Second, ISPs could just impose a page-load tax on data where it _couldn 't_
verify that the source was a one _not_ subject to the tax, instead of imposing
it on those that they could verify were subject.

------
excellence24
The best way we can get the attention of the companies is by causing them to
lose profits. This is best done by an organized boycott of their goods and
services. It will get their attention very quickly. But currently we don't
have a central website to browse and search boycotts and other forms of
protest.

In addition to protesting, we should also consider building a free open source
network thats protected and run by the community. (It could be run by the
government, but until the government is 'for and by the people', we'll
crowdsource the maintainance and seek to rapidly automate the work that nobody
would volunteer for) We can give ourselves the best, but lets start with free
gigabit internet wired and wireless for all of America! What would this 'cost'
in terms of money? millions or billions? But the resources are here; just
being hoarded until money is traded. Would AT&T build a free network for us?
Not if it meant losing money to Verizon. But what if it wasnt about money? The
value in having a fully connected country is priceless.

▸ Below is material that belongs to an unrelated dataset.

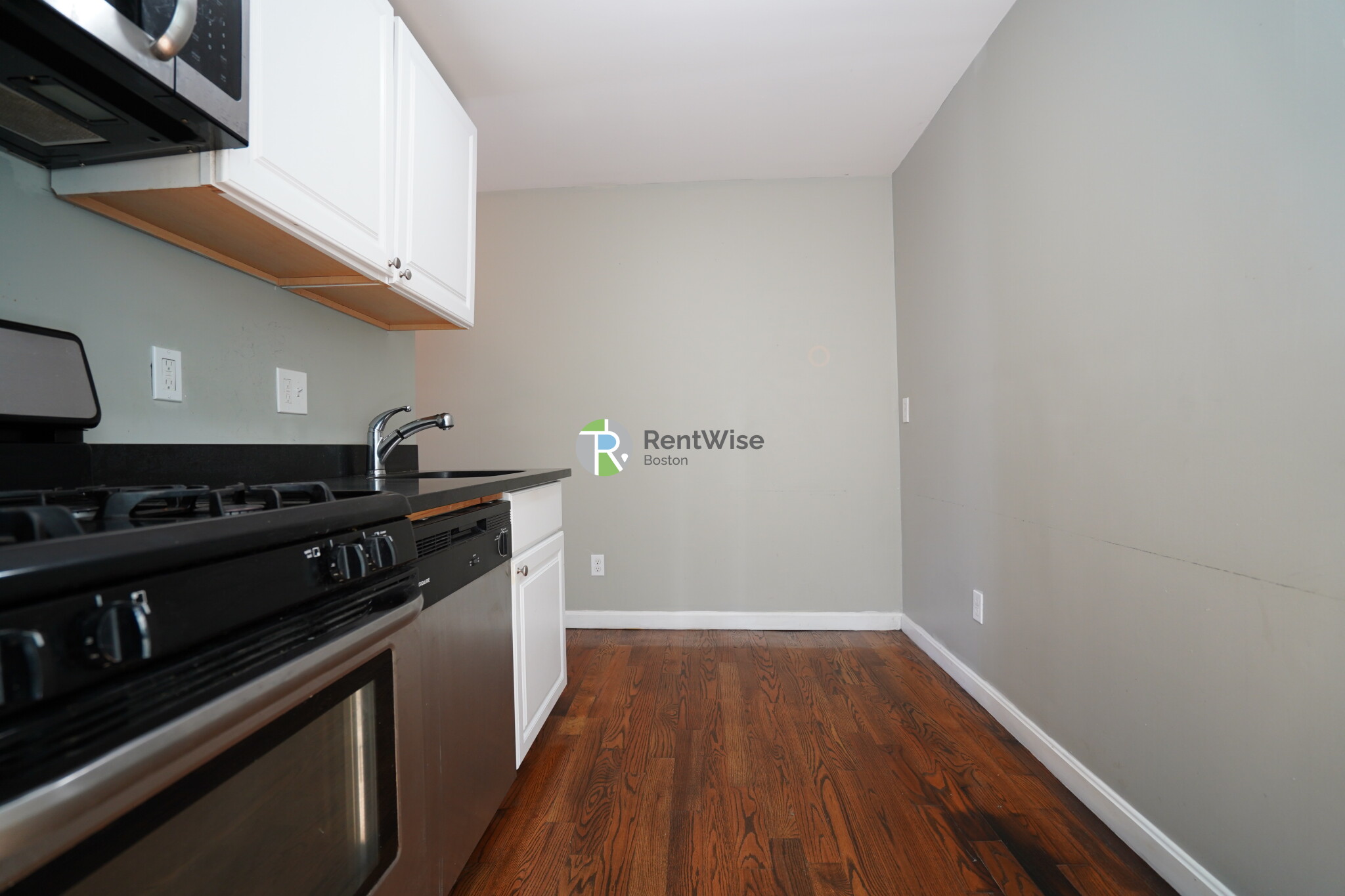 1 bed, 1 bath apartment for rent at 36 L St Unit 1, South Boston — photo 2 of 15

Thankfully we have the government to protect us against trusts and monopoly's.
But what if the trust or monopoly was a community one? If AT&T, Verizon,
Sprint, and T-Mobile colluded to give free gigabit internet to America, they
could combine their separately walled gardens and use those resources to
further the human race. But this would have to be a guaranttee so that once
everyone put all their time and resources into this, some CEO cant just flip a
switch and start charging. Once free, always free. So if they did this it
would probably mean giving up their pride and names. I mean, would this free
network be called Verizon? Why do they get their name on it? So we could
crowdsource a new name for our free network so no one can boast. US Telecom,
US Net, Free Net, the name can be anything, something we would all be proud to
get behind. the most important part is the 'us' and 'US'. All of us in the US
have the resources to take care of all of US(just focusing on America now, but
eventually we could help the world). These telecom companies will either
become part of the solution or they will precipitate out.

Again though, this would be a huge project and there's currently no website we
can go to in order to find and take part in these country and perhaps global
initiatives. Imagine a mix of Kickstarter and Change.org. First a project or
idea is petitioned to the community and if enough people like it and think it
would be the best solution, then its opened up to a crowdsourcing page to
collect funds and not just money but people can also donate the final
resources that are ultimately needed, which is what the money would eventually
be traded for anyways....more to come, working on this website...

------
ceph_
The freedom of the telcos to act as highwaymen? Consumer protections are
necessary for basic utilities. Especially either the numerous de facto
monopolies that exist in the consumer telco market.

------
kenster07
It would almost be comical if it weren't so sick: rent-seeking through a
government-granted monopoly, under the premise that the providers would serve
the public good.

------
wmf
Previous discussion:
[https://news.ycombinator.com/item?id=6669298](https://news.ycombinator.com/item?id=6669298)

------
onedev
We are getting hustled[1].

[1]
[https://www.youtube.com/watch?v=lRNGCja9mRo](https://www.youtube.com/watch?v=lRNGCja9mRo)

------
dzhiurgis
How is this different from Google charging bit guys for blackhat SEO, while
those who don't pay - are penalised?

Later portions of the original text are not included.